Adjectives are words which describe nouns. So in the sentence “The quick brown fox jumps over the brown dog”, “quick” and “brown” describe the noun “fox”, and “brown” describes the noun “dog”.

The English word “adjective” ultimately comes from the Latin nomen adjectivum, meaning something like “joined onto a noun”. Dutch has bijvoeglijk naamwoord, bijvoegen meaning “to attach, attach, enclose”, and bijvoeglijk therefore being the adjectival form “attached”; this would appear to be a Latin calque. We can see that both the Latin and the Dutch don’t so much have to do with the function of the adjective, but rather the adjective’s dependent relationship with nouns. German has Eigenschaftswort which oversets as “particularity/ownship word”. That is, a word which specifies which type of noun we are talking about (is it a “red car” or a “green” one, for example).

“Describing-word” would be the plainest, but “describe” is Latinate. Therefore we could say Outlineword, because to “describe” something is surely the same as to “outline” it. If we wanted to take the shades of meaning of the Latin or Dutch words, we could also say Stuckonword or Cleaveword. I favour Outlineword or Outliner.

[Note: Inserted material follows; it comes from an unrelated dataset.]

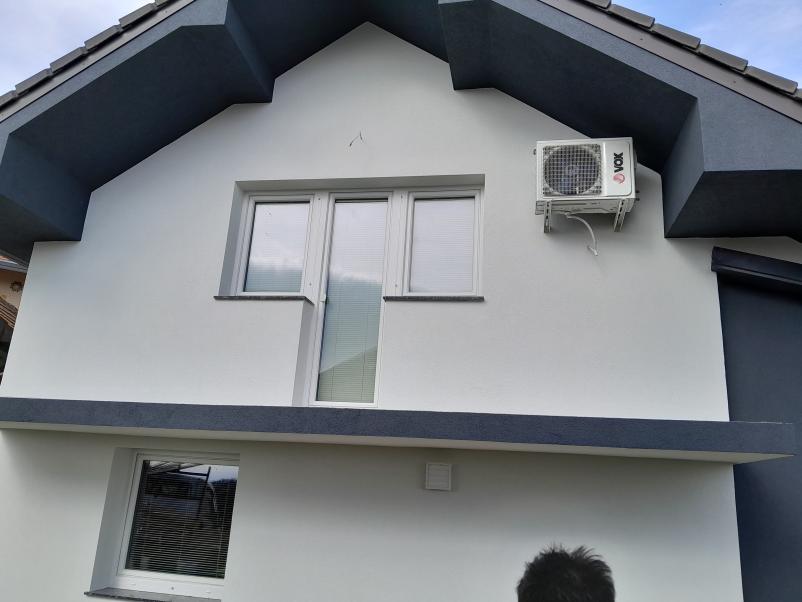 Slikopleskarstvo Posavska, Slovenija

Adposition. Okay, so what’s an “adposition”? Well, “prepositions”, which we have in English, come before the noun phrase, whereas “postpositions”, which we do not have in English, come after the noun phrase; “adposition” is a term covering both “pre-“ and “post-“ positions.

So an adposition is a word which tells us the spatial or temporal or syntactic relationship between things. In English we have in, on, through, by, and so on. For “preposition”, Dutch has voorzetsel ‘foreputting’ which makes a lot of sense as the word is not only “fore-put”, but also relates to where words are put in their spatial, semantic, or syntactic relations. Danish has forslag ‘foreslap’, which I’m not so keen on. I’m not 100% happy, but I feel Putword is a good alternative to “adposition”, so “preposition” and “postposition” respectively become Foreputword and Afterputword. I also quite like Foreputting and Afterputting.

Demonstratives point out exactly which thing one is talking about. In current English we have “this”, “these”, “that”, and “those”. So, they point out things. “Point out” is a phrasal verb; the go-along noun, that is a thing which points something out, would either be point-out or outpointer. So either Pointoutword or Outpointer.

Phrases are literally clusters of words in a grammatical configuration. Wordcluster? German has Redewendung ‘speechturn, turn of speech’ and Setz ‘set’. Speechturn? Speechset?

I haven’t come up with alternatives for many wordclasses, as you can see. But that isn’t just because I lack the imagination to come up with suitable words. There is a second, more valid reason. That is, many of the words are rather technical (morpheme? Complementiser?) and therefore are beyond the scope of this post; I’ll revisit them later.